Please restate exactly the lines of the data below, beginning with the line containing "Meier M-510bt Portable" and ending with the last line.

--- START ---

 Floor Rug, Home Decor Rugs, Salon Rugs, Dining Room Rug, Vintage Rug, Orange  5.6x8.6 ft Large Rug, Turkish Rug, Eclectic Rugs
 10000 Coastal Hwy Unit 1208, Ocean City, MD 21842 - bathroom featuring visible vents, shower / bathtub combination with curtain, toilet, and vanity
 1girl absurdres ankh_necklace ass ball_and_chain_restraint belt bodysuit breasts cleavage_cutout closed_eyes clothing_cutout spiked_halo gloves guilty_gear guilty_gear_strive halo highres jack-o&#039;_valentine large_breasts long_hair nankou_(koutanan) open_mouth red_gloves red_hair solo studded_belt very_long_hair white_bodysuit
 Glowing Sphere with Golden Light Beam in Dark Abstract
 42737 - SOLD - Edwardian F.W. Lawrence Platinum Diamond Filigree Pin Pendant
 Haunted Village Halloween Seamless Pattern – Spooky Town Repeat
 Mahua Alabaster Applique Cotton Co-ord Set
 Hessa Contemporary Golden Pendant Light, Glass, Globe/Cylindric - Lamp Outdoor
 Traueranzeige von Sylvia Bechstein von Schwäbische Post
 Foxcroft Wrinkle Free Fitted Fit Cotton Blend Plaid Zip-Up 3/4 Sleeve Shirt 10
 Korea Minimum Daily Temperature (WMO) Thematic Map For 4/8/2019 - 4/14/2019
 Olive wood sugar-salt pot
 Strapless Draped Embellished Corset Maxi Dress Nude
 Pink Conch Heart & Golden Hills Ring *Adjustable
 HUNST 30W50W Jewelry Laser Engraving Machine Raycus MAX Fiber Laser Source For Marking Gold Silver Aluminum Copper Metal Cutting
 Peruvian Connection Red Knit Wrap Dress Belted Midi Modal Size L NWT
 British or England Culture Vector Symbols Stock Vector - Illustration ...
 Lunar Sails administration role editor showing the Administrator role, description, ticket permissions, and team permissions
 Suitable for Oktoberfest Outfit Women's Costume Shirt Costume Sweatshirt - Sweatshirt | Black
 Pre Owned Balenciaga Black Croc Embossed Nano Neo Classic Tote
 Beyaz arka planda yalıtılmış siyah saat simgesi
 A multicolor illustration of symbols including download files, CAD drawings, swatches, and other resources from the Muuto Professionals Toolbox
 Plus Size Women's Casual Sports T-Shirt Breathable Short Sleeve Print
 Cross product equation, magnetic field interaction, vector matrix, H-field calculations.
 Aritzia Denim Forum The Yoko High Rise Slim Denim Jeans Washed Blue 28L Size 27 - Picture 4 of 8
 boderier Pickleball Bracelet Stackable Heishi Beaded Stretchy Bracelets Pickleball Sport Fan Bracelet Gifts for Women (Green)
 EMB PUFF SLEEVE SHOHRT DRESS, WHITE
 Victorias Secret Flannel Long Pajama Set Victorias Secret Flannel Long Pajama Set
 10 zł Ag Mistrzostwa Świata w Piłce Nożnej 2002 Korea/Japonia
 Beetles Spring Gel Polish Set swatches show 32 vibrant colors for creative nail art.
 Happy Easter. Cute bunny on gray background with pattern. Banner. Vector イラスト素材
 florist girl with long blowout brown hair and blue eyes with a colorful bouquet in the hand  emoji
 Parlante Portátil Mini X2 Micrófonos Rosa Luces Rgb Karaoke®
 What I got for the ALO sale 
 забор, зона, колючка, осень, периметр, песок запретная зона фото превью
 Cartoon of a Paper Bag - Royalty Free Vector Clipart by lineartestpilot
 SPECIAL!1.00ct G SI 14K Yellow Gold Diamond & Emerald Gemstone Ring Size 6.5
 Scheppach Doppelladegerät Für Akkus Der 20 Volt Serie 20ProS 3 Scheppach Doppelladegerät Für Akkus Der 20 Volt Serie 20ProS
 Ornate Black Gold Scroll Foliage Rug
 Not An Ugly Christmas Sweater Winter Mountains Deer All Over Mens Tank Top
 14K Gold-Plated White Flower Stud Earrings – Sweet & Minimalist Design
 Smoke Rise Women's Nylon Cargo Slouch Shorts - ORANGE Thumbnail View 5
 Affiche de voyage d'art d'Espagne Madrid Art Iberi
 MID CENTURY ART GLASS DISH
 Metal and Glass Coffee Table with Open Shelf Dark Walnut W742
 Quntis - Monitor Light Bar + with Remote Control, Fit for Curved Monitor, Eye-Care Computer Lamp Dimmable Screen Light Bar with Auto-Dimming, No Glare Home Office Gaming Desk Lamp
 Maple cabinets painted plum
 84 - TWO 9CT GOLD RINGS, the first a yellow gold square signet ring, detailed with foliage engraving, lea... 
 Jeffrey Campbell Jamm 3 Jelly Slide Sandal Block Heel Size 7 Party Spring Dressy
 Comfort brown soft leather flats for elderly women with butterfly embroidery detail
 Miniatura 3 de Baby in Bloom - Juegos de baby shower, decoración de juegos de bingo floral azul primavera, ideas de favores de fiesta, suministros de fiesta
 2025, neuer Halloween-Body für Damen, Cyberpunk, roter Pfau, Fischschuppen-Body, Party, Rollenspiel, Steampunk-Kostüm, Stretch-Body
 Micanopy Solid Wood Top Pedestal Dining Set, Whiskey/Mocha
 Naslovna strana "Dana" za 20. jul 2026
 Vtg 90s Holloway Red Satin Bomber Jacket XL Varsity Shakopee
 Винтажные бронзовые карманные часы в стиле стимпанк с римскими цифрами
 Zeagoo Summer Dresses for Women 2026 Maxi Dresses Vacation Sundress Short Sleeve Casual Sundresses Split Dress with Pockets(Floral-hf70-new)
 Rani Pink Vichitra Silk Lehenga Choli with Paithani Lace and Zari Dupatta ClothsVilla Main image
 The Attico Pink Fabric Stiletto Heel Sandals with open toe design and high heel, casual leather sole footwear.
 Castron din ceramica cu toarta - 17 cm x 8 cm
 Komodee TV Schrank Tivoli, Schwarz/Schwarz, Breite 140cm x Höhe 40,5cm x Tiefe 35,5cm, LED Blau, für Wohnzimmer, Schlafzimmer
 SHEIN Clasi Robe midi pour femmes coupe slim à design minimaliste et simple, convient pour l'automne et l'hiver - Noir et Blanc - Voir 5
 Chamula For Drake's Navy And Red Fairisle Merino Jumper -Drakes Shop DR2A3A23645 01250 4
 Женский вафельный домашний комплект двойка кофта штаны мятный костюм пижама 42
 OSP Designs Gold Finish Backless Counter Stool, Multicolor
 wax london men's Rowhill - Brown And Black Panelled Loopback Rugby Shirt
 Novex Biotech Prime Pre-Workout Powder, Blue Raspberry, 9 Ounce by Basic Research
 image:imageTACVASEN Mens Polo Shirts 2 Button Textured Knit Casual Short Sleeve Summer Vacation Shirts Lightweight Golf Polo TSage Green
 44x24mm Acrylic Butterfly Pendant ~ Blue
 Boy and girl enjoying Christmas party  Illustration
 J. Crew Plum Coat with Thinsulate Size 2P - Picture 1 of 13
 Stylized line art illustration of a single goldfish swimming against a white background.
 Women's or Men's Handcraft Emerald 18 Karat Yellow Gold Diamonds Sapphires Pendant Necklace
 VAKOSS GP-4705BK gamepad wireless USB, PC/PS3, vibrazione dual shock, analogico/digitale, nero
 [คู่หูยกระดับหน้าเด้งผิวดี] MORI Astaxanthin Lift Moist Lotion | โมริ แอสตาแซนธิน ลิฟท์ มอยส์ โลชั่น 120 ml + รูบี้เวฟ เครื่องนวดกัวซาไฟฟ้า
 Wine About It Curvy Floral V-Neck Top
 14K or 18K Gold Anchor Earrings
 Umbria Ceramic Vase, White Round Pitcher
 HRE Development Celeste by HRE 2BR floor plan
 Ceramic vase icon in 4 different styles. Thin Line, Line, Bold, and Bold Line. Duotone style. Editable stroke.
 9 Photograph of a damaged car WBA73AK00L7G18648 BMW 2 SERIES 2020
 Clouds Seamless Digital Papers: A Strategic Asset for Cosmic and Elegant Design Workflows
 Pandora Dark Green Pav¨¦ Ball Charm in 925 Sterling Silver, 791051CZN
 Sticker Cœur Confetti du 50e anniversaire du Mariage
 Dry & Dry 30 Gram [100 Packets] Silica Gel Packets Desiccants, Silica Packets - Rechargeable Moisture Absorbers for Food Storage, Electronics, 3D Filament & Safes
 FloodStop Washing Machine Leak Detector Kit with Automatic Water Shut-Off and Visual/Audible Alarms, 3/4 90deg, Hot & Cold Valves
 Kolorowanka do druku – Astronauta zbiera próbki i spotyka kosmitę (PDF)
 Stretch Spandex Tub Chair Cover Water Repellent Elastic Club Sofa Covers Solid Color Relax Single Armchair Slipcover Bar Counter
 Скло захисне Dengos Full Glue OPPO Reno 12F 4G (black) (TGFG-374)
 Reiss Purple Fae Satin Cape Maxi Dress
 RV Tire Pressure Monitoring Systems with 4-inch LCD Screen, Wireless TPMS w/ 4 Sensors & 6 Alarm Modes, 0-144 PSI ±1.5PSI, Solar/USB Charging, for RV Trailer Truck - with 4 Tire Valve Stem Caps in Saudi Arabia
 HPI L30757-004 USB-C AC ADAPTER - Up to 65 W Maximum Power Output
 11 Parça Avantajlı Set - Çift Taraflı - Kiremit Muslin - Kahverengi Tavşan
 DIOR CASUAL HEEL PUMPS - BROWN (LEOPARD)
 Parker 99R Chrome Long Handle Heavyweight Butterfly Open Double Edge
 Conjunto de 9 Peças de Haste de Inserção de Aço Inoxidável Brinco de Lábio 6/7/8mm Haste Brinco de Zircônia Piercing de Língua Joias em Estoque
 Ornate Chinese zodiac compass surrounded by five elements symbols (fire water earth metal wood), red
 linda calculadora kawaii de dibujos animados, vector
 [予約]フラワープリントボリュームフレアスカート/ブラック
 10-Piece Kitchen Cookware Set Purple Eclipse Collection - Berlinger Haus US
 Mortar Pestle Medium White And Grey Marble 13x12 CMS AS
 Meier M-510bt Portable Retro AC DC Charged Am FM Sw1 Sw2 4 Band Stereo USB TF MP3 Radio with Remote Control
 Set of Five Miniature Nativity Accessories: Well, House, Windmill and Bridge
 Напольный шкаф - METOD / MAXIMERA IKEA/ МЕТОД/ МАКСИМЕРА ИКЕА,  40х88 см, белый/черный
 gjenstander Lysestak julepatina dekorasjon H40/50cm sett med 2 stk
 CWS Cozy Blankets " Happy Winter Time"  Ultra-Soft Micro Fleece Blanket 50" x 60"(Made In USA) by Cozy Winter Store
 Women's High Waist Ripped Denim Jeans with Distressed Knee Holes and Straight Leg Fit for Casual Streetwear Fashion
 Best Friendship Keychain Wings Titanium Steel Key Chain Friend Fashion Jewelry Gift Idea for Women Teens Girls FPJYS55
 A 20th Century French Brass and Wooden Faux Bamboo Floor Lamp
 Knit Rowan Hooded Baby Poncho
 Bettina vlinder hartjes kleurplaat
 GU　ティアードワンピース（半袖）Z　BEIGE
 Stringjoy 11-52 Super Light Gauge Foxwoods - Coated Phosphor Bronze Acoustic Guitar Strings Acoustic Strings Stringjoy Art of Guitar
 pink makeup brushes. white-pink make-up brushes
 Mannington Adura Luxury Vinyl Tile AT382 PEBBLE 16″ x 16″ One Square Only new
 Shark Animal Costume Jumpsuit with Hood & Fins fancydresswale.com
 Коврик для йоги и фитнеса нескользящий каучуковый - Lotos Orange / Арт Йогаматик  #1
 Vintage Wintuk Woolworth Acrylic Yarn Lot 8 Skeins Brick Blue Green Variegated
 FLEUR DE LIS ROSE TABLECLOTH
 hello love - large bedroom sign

--- END ---

EXERCISE ANSWER |
 Meier M-510bt Portable Retro AC DC Charged Am FM Sw1 Sw2 4 Band Stereo USB TF MP3 Radio with Remote Control
 Set of Five Miniature Nativity Accessories: Well, House, Windmill and Bridge
 Напольный шкаф - METOD / MAXIMERA IKEA/ МЕТОД/ МАКСИМЕРА ИКЕА,  40х88 см, белый/черный
 gjenstander Lysestak julepatina dekorasjon H40/50cm sett med 2 stk
 CWS Cozy Blankets " Happy Winter Time"  Ultra-Soft Micro Fleece Blanket 50" x 60"(Made In USA) by Cozy Winter Store
 Women's High Waist Ripped Denim Jeans with Distressed Knee Holes and Straight Leg Fit for Casual Streetwear Fashion
 Best Friendship Keychain Wings Titanium Steel Key Chain Friend Fashion Jewelry Gift Idea for Women Teens Girls FPJYS55
 A 20th Century French Brass and Wooden Faux Bamboo Floor Lamp
 Knit Rowan Hooded Baby Poncho
 Bettina vlinder hartjes kleurplaat
 GU　ティアードワンピース（半袖）Z　BEIGE
 Stringjoy 11-52 Super Light Gauge Foxwoods - Coated Phosphor Bronze Acoustic Guitar Strings Acoustic Strings Stringjoy Art of Guitar
 pink makeup brushes. white-pink make-up brushes
 Mannington Adura Luxury Vinyl Tile AT382 PEBBLE 16″ x 16″ One Square Only new
 Shark Animal Costume Jumpsuit with Hood & Fins fancydresswale.com
 Коврик для йоги и фитнеса нескользящий каучуковый - Lotos Orange / Арт Йогаматик  #1
 Vintage Wintuk Woolworth Acrylic Yarn Lot 8 Skeins Brick Blue Green Variegated
 FLEUR DE LIS ROSE TABLECLOTH
 hello love - large bedroom sign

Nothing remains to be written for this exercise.